Проблема не только в размере модели
В сообществе Reddit r/LocalLLaMA появился практический вопрос: какая небольшая модель примерно класса 4B лучше подходит для агентных задач персонального ассистента. Автор приводит простые на вид сценарии: обновить календарь, получить расписание, отправить сообщение в WhatsApp в заданное время. Исходная дискуссия доступна здесь: тред r/LocalLLaMA.
Главный вывод шире выбора одной модели. Чат-модель может хорошо отвечать текстом, но агенту нужно больше: понять намерение, выбрать нужный инструмент, сформировать корректные параметры и не выполнить действие, которого пользователь не просил.
Почему вызов инструментов становится слабым местом
В публикации говорится, что автор тестировал небольшие модели семейства Gemma, но качество вызова инструментов оказалось неидеальным. Это типичная дилемма локальных AI-систем: маленькие модели проще запускать и они могут быть быстрыми, но агентные сценарии требуют высокой точности, а не только связного текста.
- Работа с календарем требует точной интерпретации даты, времени и полей события.
- Запрос расписания должен опираться на реальные данные, а не на правдоподобную генерацию.
- Отложенная отправка сообщения должна быть отделена от простого написания текста.

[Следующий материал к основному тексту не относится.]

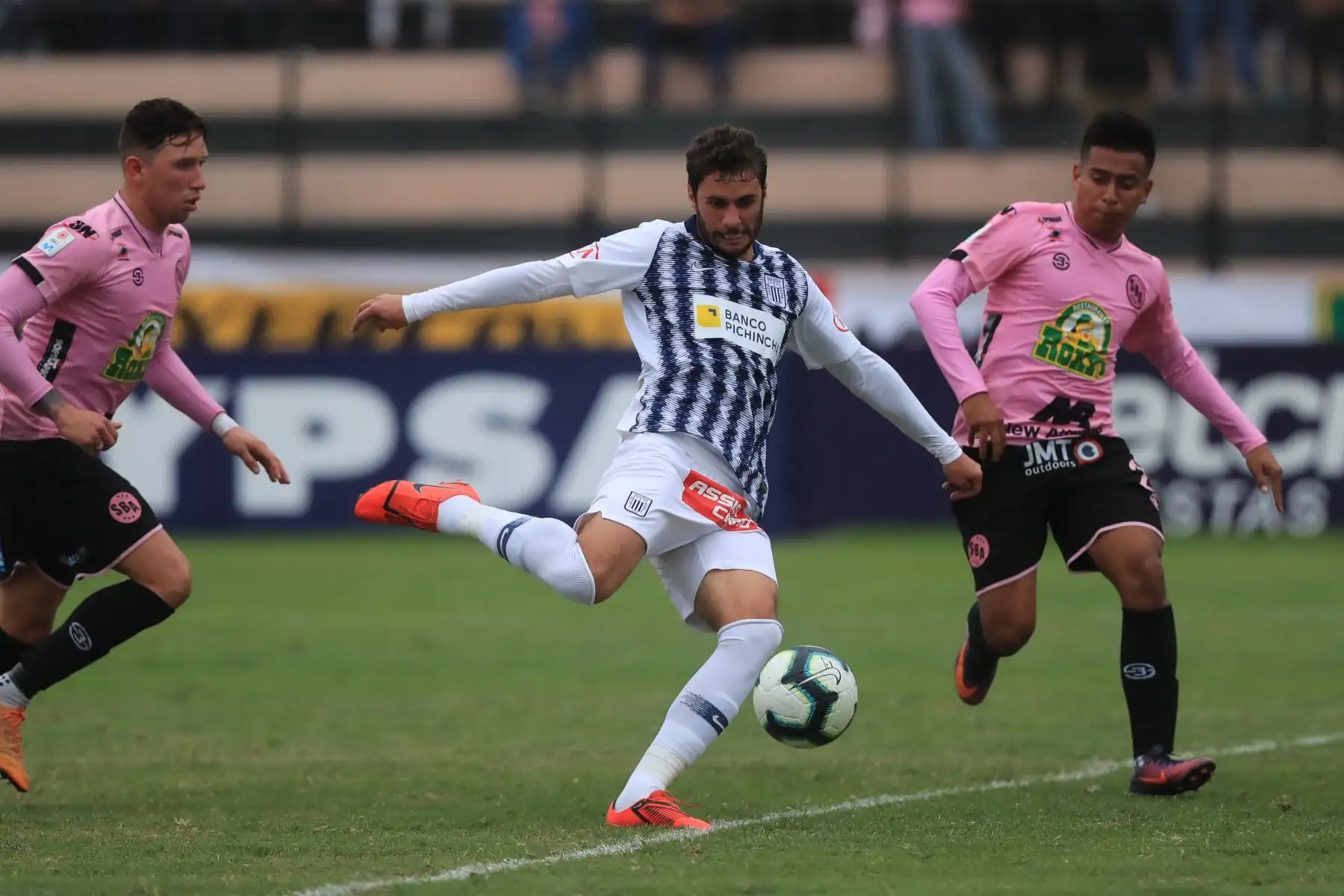 Alianza Lima derrotó al Sport Boys por dos tantos a uno en el Callao.

Foto: ANDINA/Juan Carlos Guzmán Negrini.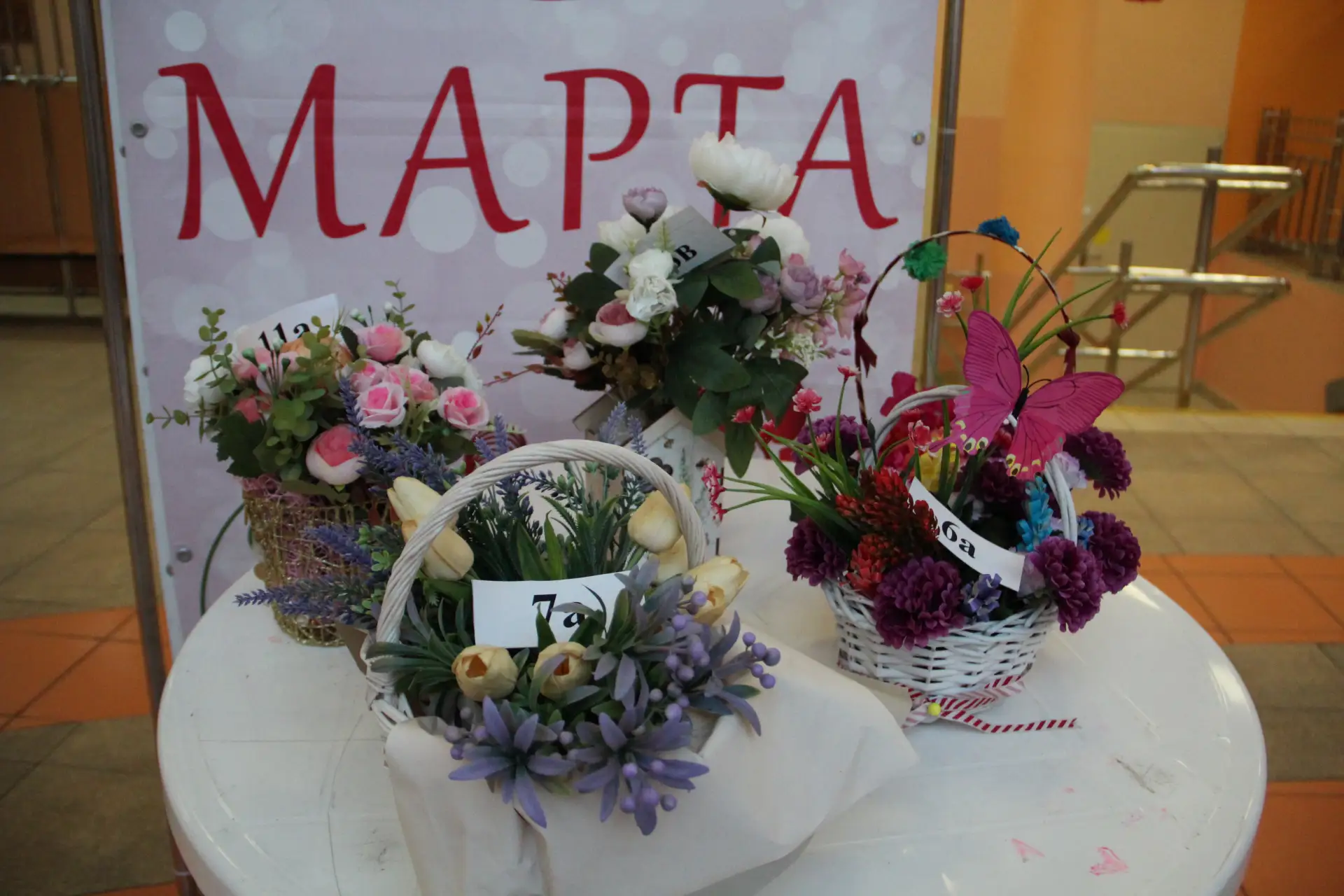 🌸🌷 Весенняя сказка на первом этаже🌷🌸  🌐 В "шаре" расцвели невероятные букеты и экибаны, которые сдел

- Вызовы инструментов должны оставаться стабильными при коротких или неоднозначных запросах.
Оценка WebEdge
Для персонального AI-агента сама модель является лишь частью архитектуры. Надежность также зависят от схем инструментов, проверки параметров, ограничений прав, подтверждений перед действием и журналирования.
Модель класса около 4B может быть пригодна для узких и хорошо описанных сценариев. Но если агент получает право менять календарь или отправлять сообщения, оценивать нужно не только качество ответов, но и точность выполнения, обработку ошибок и механизм подтверждения со стороны пользователя.